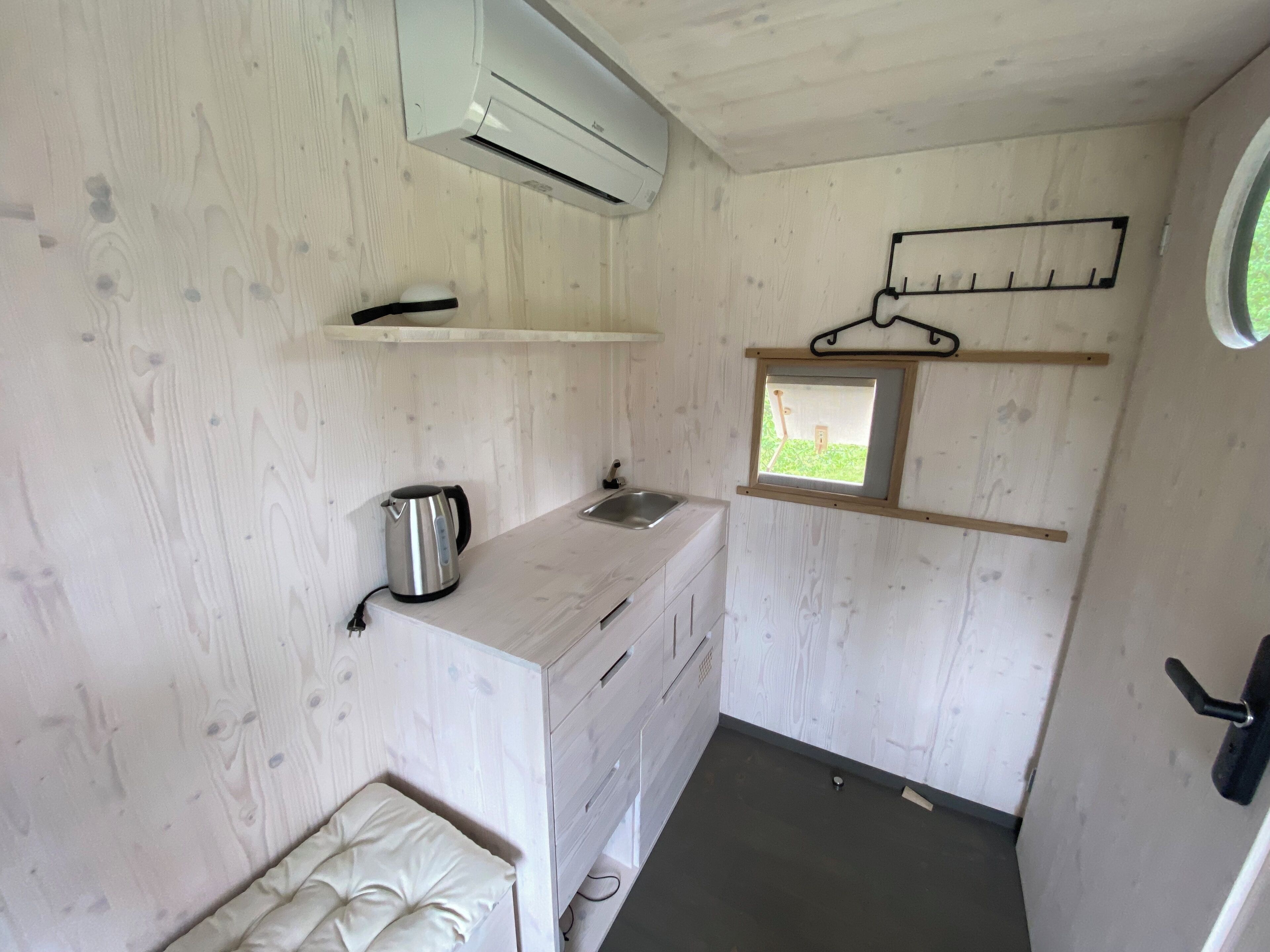 A compact kitchen with a built-in stove, a small window, and a hanging rack.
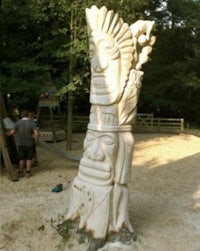 a statue of a tiki in a wooded area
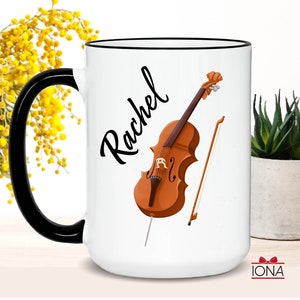 May include: White ceramic mug with a black handle and black rim. The mug has a cello and bow illustration and the name "Rachel" written in black cursive.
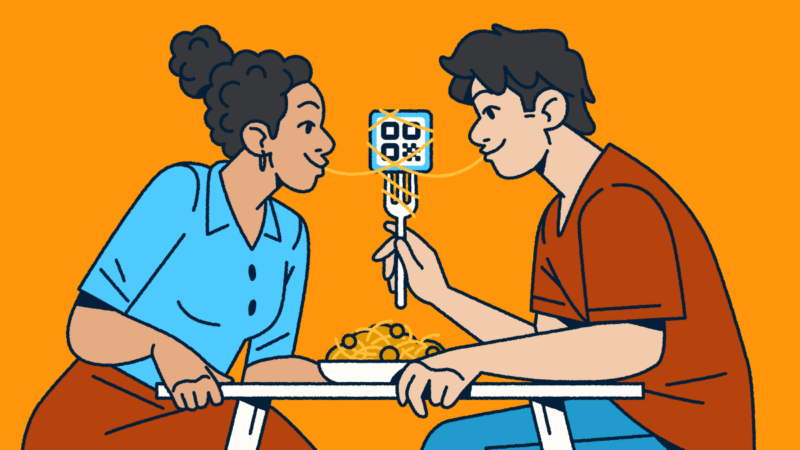 A couple sitting at a table sharing a bowl of spaghetti and meatballs. One partner is holding a fork with a QR Code on it and a piece of spaghetti wrapped around it. They each have one end of the noodle in their mouth.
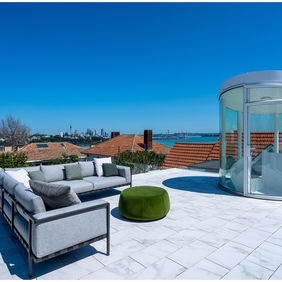 Photograph of a rooftop lounge deck in an upmarket  Airbnb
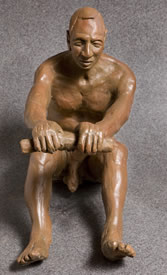 Front view of rowing man sculpture
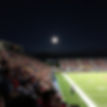friday night high school football game. lights are bright and bleachers are full. Crowd is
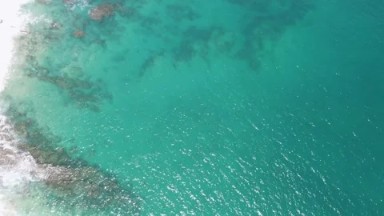 BUZZARDS BEACH EAST CAPE BCS MEXICO-2023: An Aerial View Of A Body Of Water
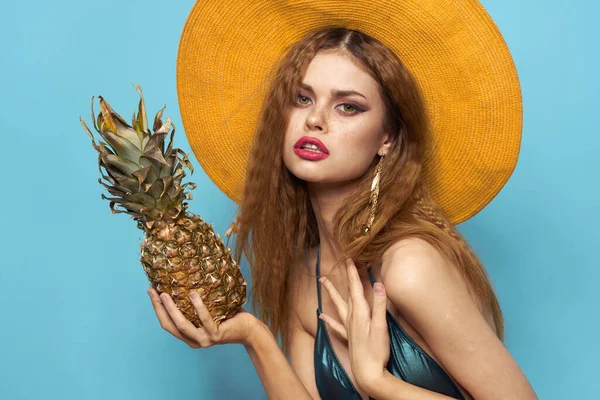 头戴沙滩帽、头戴菠萝、身穿泳衣、身穿异国情调水果蓝色背景休假日的女人 — 图库照片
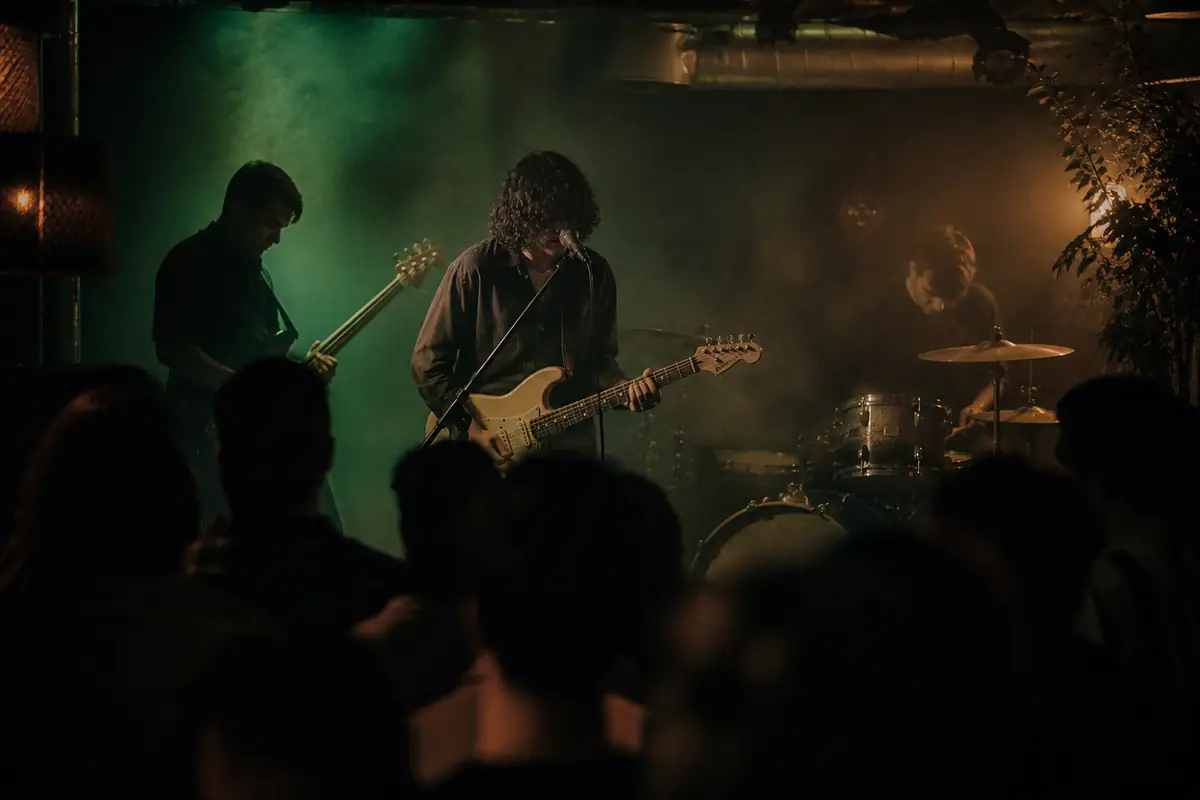 Three piece band on a small basement stage in coloured haze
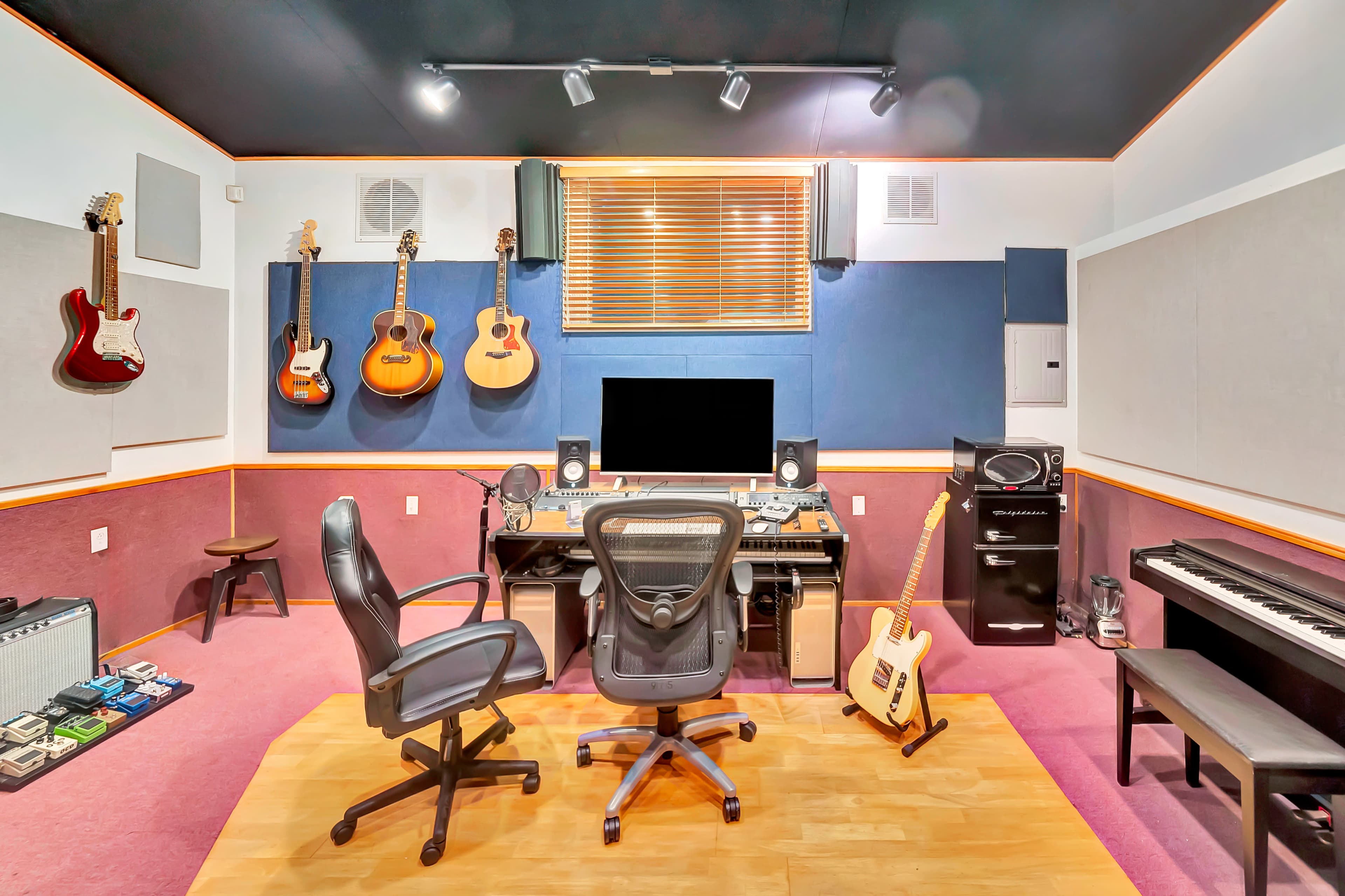 The image shows a music studio with a desk, two chairs, guitars mounted on the wall, and various musical instruments, including a keyboard and amplifiers.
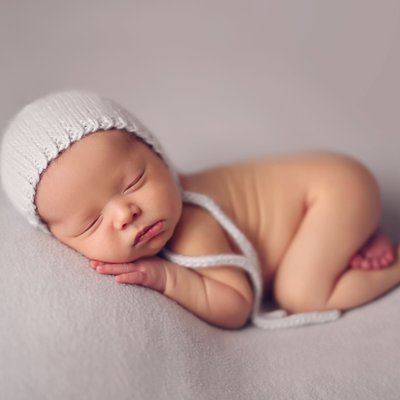 baby boy in knitted bonnet on light gray backdrop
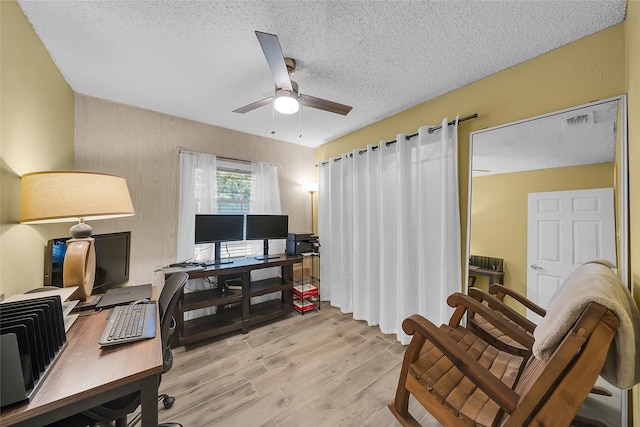 office area with a textured ceiling, visible vents, light wood-style floors, and a ceiling fan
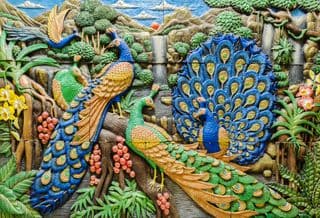 Vibrant Peacock Carvings in Thai Artistry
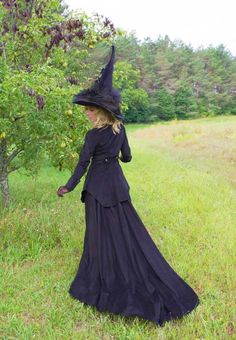 a woman in a long black dress and hat walking through the grass with her hand on her hip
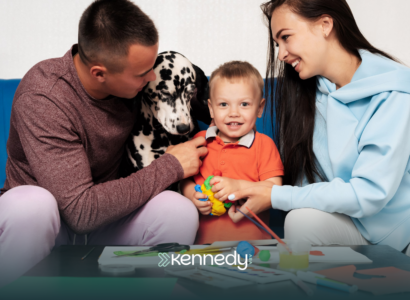 A family in Charlotte, NC, with a kid with autism and their family dog, sitting on a couch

● **What to produce**
The reply needs to repeat exactly the line containing "Front view of rowing man sculpture" and each line after it, through the final line of the entries above, and to skip the pictures.

● **Completed task**
 Front view of rowing man sculpture
friday night high school football game. lights are bright and bleachers are full. Crowd is
 BUZZARDS BEACH EAST CAPE BCS MEXICO-2023: An Aerial View Of A Body Of Water
 头戴沙滩帽、头戴菠萝、身穿泳衣、身穿异国情调水果蓝色背景休假日的女人 — 图库照片
 Three piece band on a small basement stage in coloured haze
 The image shows a music studio with a desk, two chairs, guitars mounted on the wall, and various musical instruments, including a keyboard and amplifiers.
 baby boy in knitted bonnet on light gray backdrop
 office area with a textured ceiling, visible vents, light wood-style floors, and a ceiling fan
 Vibrant Peacock Carvings in Thai Artistry
 a woman in a long black dress and hat walking through the grass with her hand on her hip
 A family in Charlotte, NC, with a kid with autism and their family dog, sitting on a couch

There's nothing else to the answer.